Your objective
Everything in the data should be repeated exactly, save for the images.

Information shown
::::::

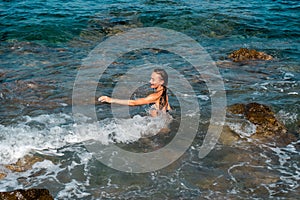 Cutie young girl having fun in sea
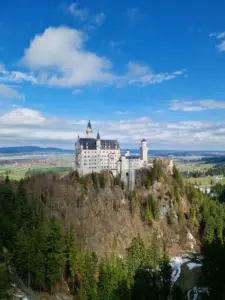 Neuschwanstein Castle in the Bavarian countryside under a blue sky with clouds
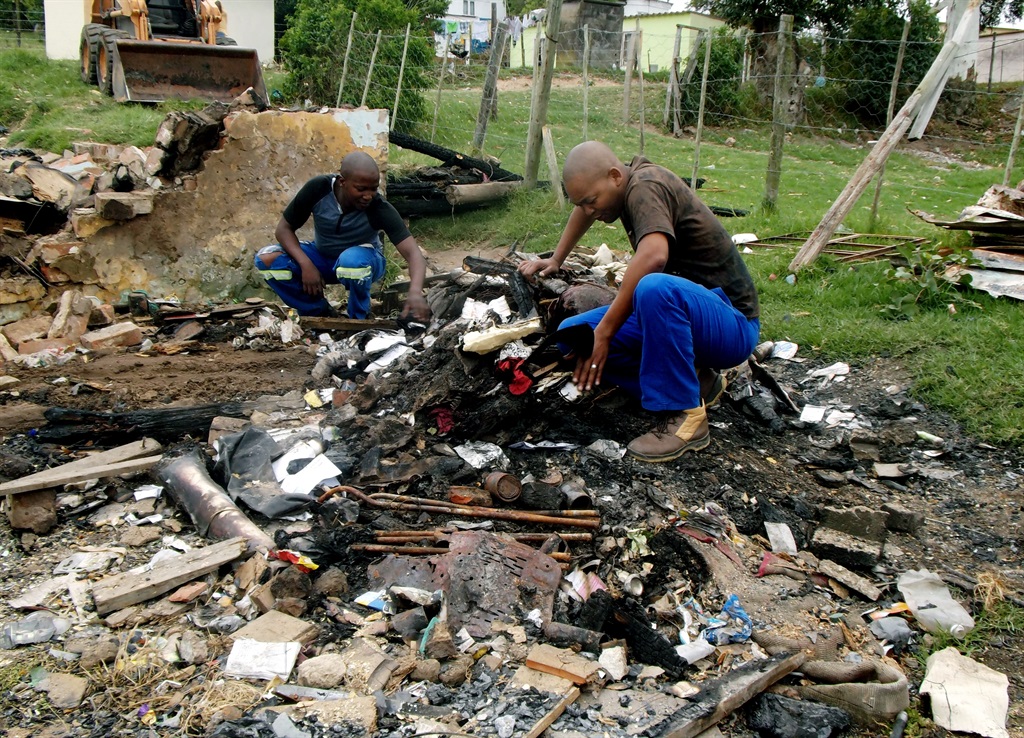 Relative Mzimkhulu Feni (right) and his friend, Phathuxolo Tukulu, inspect the damage after the Nobebes’ house caught fire.                                               Photo by Buziwe Nocuze 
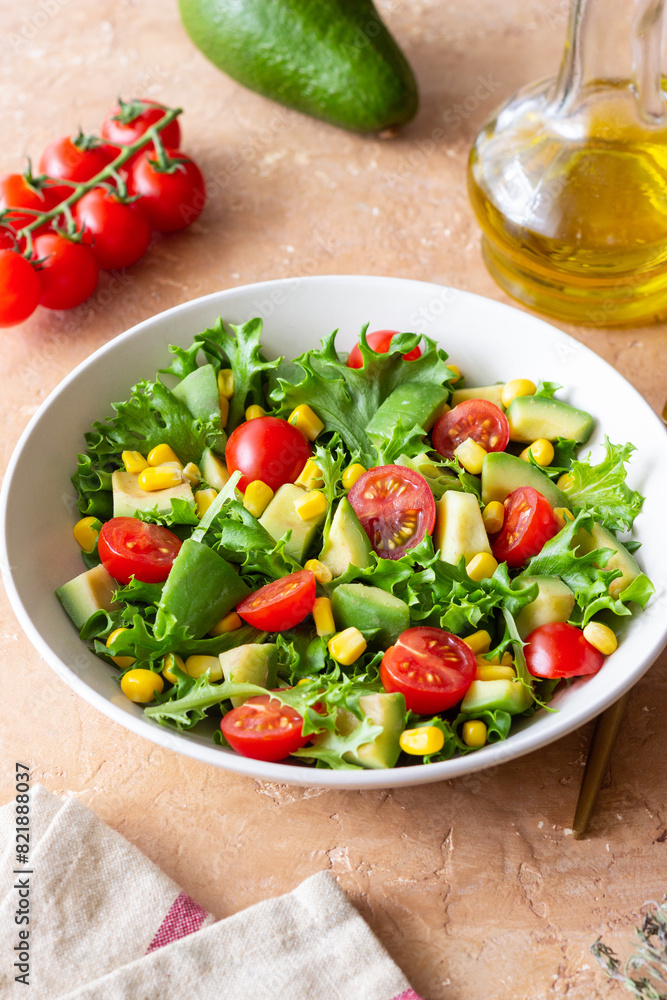 Salad with avocado, tomatoes and corn. Healthy eating. Vegetarian food. Salad with avocado, tomatoes and corn. Healthy eating. Vegetarian food.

::::::

Reply to the exercise
 Cutie young girl having fun in sea
 Neuschwanstein Castle in the Bavarian countryside under a blue sky with clouds
 Relative Mzimkhulu Feni (right) and his friend, Phathuxolo Tukulu, inspect the damage after the Nobebes’ house caught fire.                                               Photo by Buziwe Nocuze 
 Salad with avocado, tomatoes and corn. Healthy eating. Vegetarian food. Salad with avocado, tomatoes and corn. Healthy eating. Vegetarian food.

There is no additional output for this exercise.